I remember a while back we (my dojo) were out drinking and discussing why our outlook on Aikido was so different from the mainstream and the conclusion we came to was that'd we'd all been rather heavily bullied; getting beaten up for us was fairly normal at certain stages of our lives and so we had no illusions and even there was among us a real sense of fighting with the spirit of ken ore ya mo tsuki. Winning a fight was an alien concept because four or five on one fights are not the kind you win.
This experience is central to how I practice Aikido and I know the same is true of all of my friends that practice Aikido and this experience leads to the understanding that all real fighting must be done with the intention of ikken hissatsu and by extention the training for that fight must be done in the spirit of ikken hissatsu.
To my way of thinking this rules out the possibility of sparring or randori or rolling. If your opponent is still standing after thirty seconds you are dead because his friend has killed you. Now the sports minded among you, and western thinking is fundamentally sports orientated when it comes to fighting, are thinking something like "Well how do you know your techniques really work against a live opponent?" Which is, IMHO, a question which indicates that you've entirely missed the point because if your opponent can get himself into such a position then either he is very good or your training is epic fail; you are training for a sparring match or randori where you'll go in there, throw a few shots or give him a bit of a push to feel him out forgetting that this only buys time for his mates to come to his rescue.
If more Aikidoka were Samurai wannabes, like we were, they would read all the war chronicles and Hagakure and other texts and they would read account after account that go like this: "Such and such wrestled his opponent to the ground and was about to take his opponents head when his allies came up and lopped his head off instead" or like this "Such and such was taken to the ground and looked to be in serious danger but just then his retainers came up and threw his attacker to the ground allowing such and such to decapitate him."
This experience is where Japanese martial arts come from; they're the two oldest stories going as far as Japanese war stories go. People training in one on one fighting with the intention of defending themselves in actual fighting, as they do when they are sparring, are training for a wet dream hollywood movie fight that in all honesty they could have run away from.
Real martial training is not to defeat a resisting opponent; it is to stop an opponent before he can resist, to defeat him before he can fight and thus to avoid fighting with all its attendent dangers.
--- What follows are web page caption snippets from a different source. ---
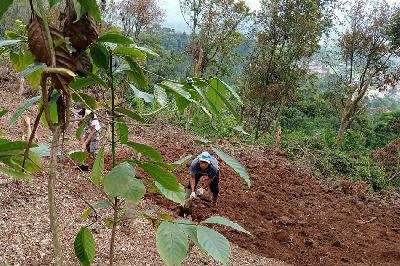 Warga mengolah lahan di Lokasi Prioritas Reforma Agraria di Desa Batulawang, Cipanas, Cianjur, Jawa Barat, 17 Januari 2023. TEMPO/Avit Hidayat
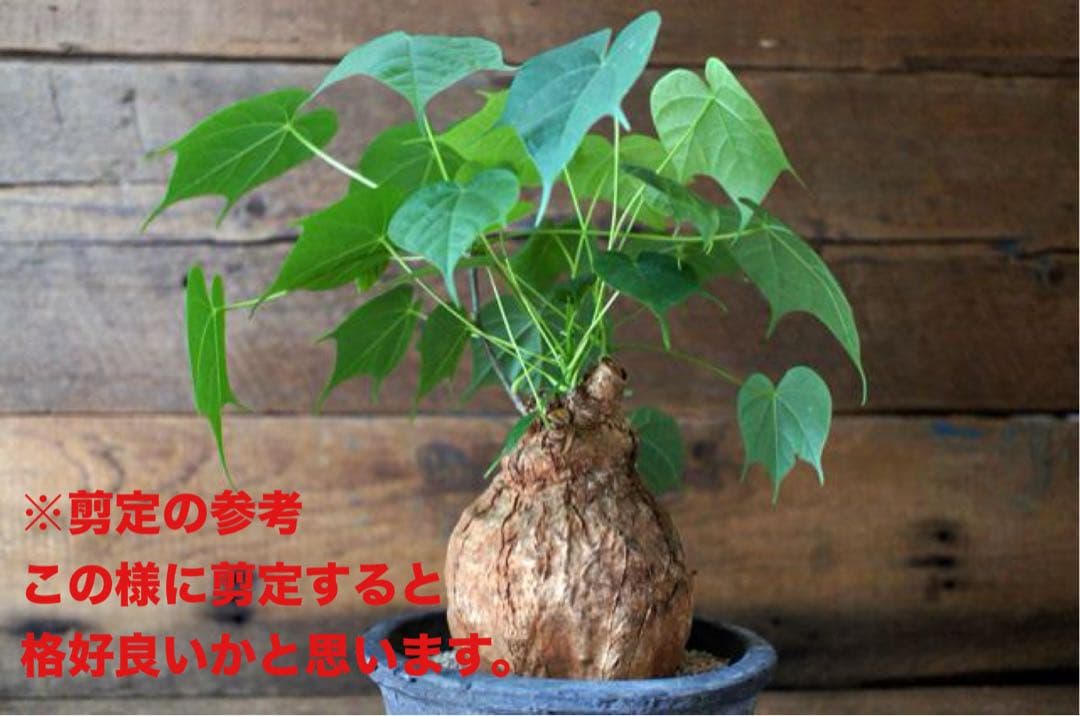 フィルミアナコロラータ 幹10cm 綺麗な樹形 15cmポット 鉢ごと発送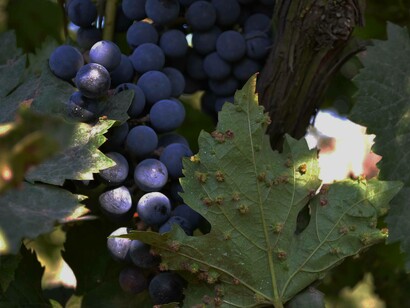 Phylloxeras attachment to leaf close to grapes in one of America's vineyards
Those who read the old texts will notice a word that crops up over and over: "desperation". Real fighting is desperate, the spirit of fighting is the spirit of desperation. Training, therefore, should be desperate. This is not to say panicked, but it should be done with the understanding that your very life depends on this technique and that you must stop your opponent now not because if you don't stop him, he'll stop you, but because if you don't stop him his friend will stop you.
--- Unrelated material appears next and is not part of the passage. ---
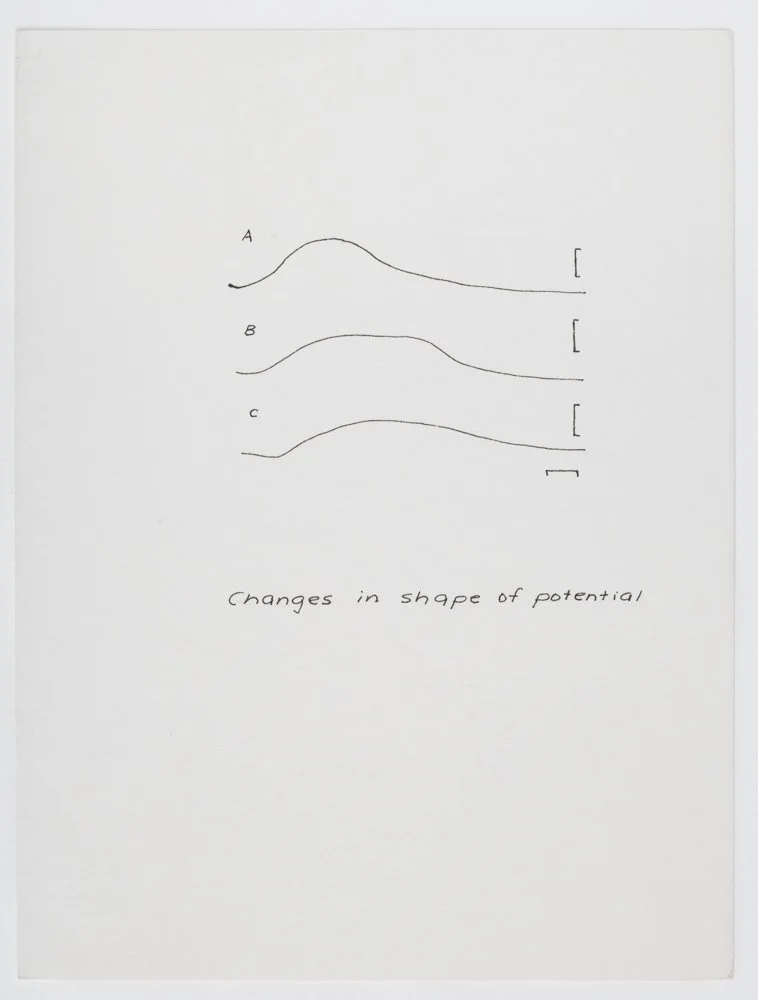 Ink on paper
6 x 4.5 in. / 15.2 x 11.4 cm, each sheet
Photo: Art Evans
If you train yourself to stop your opponent now ikken hissatsu style then how can you possibly translate your training into sparring? Of what value is randori? Surely this kind of "training" simply underlines that the one skill that gives you a slim chance of winning in a practically hopeless situation is a skill you totally lack?
On this basis I actually propose a definition of martial art as one which is founded upon ikken hissatsu and that everything not conforming, those arts designed to fight single opponents over prolonged periods of time, be regarded as combat sports.